▶ **Description of the task**
An exact repeat is needed of the lines from the one with "Ilustrație cu plămâni afectați de bacteria" through the last line of the data below. Please omit the pictures.

▶ **Extracted information**
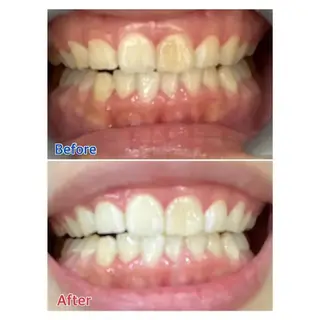 M渋谷 ホワイトニングのエステ・リラクイメージ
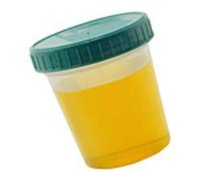 24小時尿蛋白定量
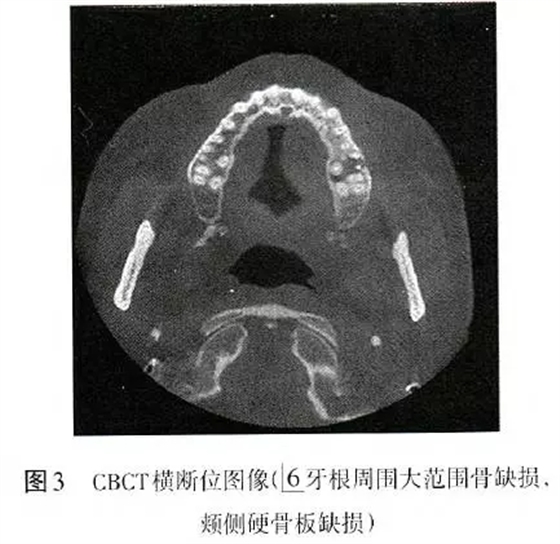 根管治療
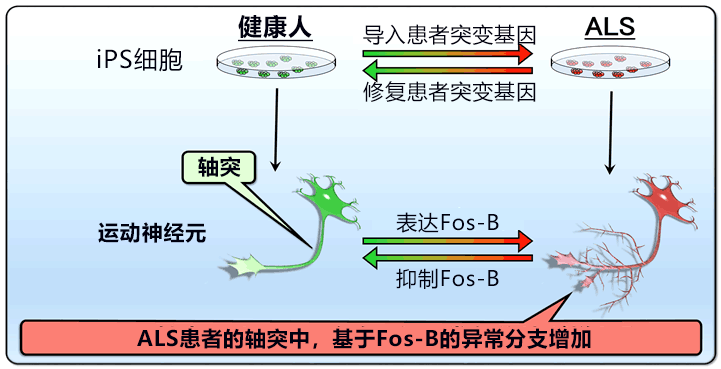 日本透過iPS細胞發現漸凍症新病理，有望用於早期靶向冶癒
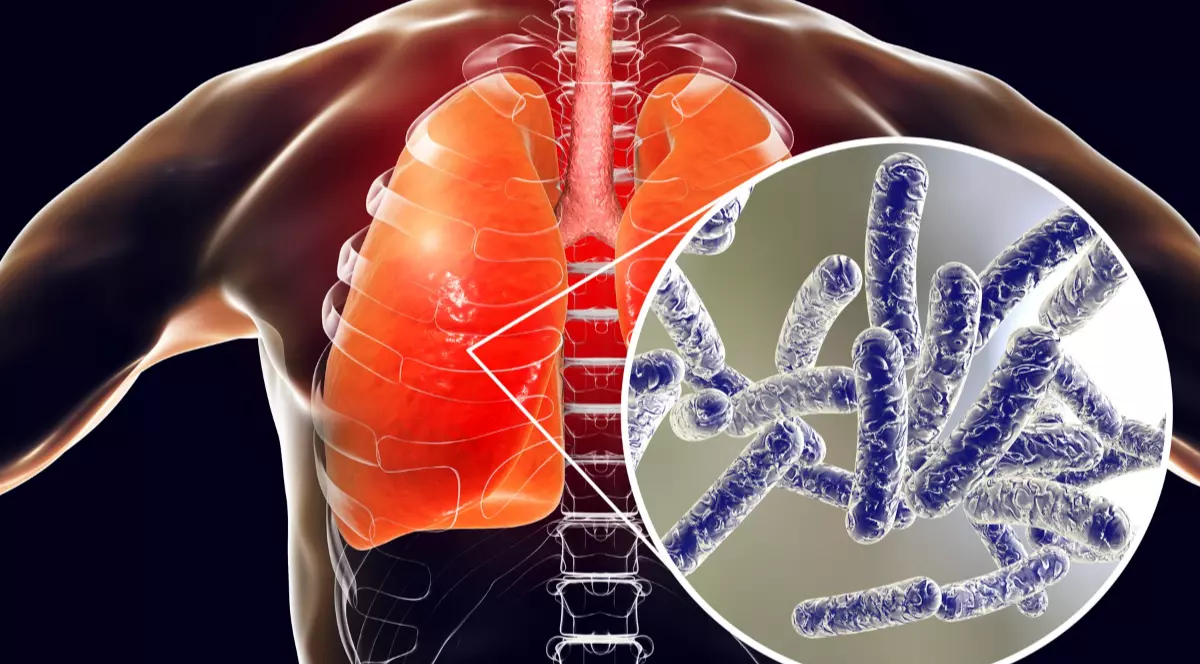 Ilustrație cu plămâni afectați de bacteria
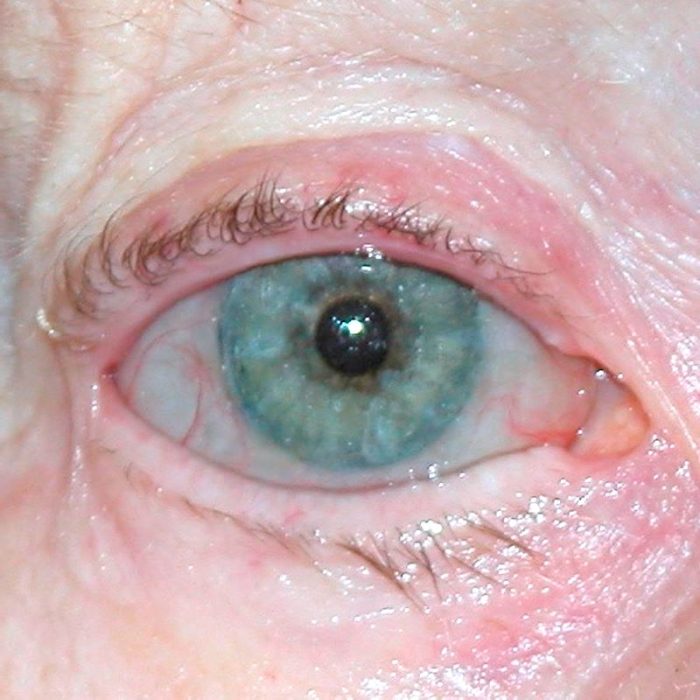Eye Cosmetic Prosthesis 1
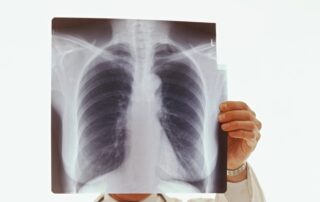 Chest x-ray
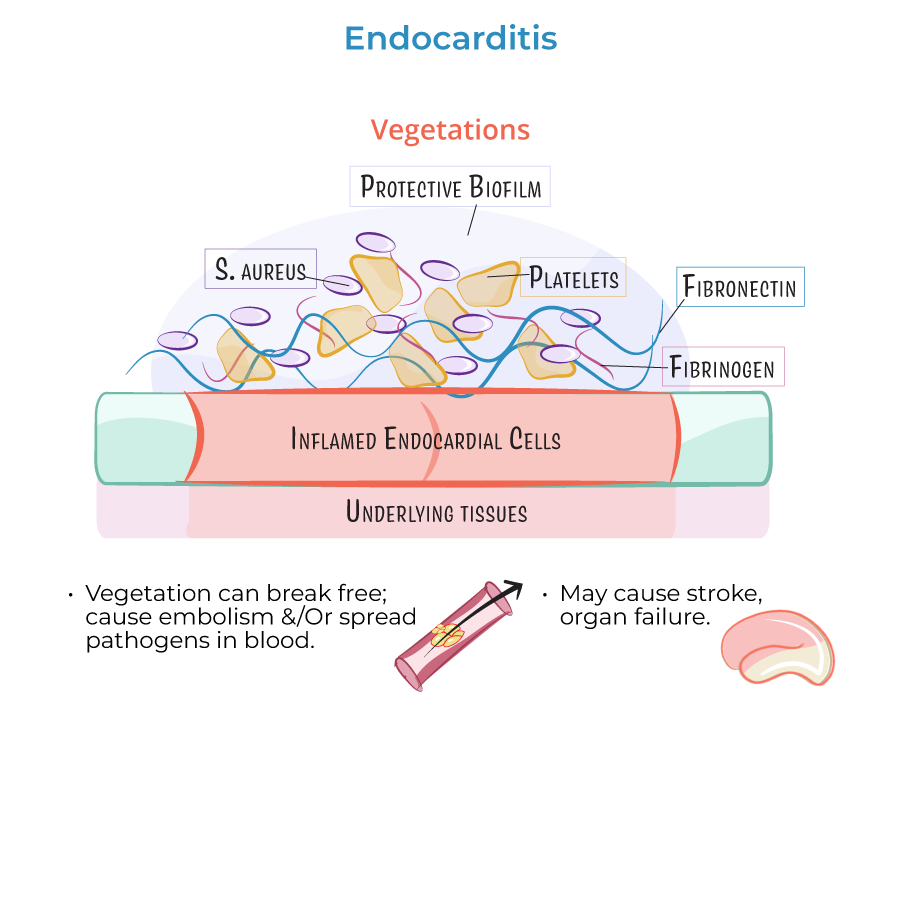 Endocarditis vegetations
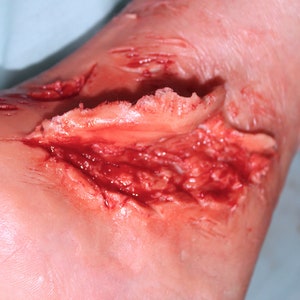 Deep Laceration Wound with Skin Peeling Back Prosthetic for Film, TV, Halloween Costume, Zombie SFX Makeup Medical Training medicine anatomy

▶ **Response to this task**
 Ilustrație cu plămâni afectați de bacteria
Eye Cosmetic Prosthesis 1
 Chest x-ray
 Endocarditis vegetations
 Deep Laceration Wound with Skin Peeling Back Prosthetic for Film, TV, Halloween Costume, Zombie SFX Makeup Medical Training medicine anatomy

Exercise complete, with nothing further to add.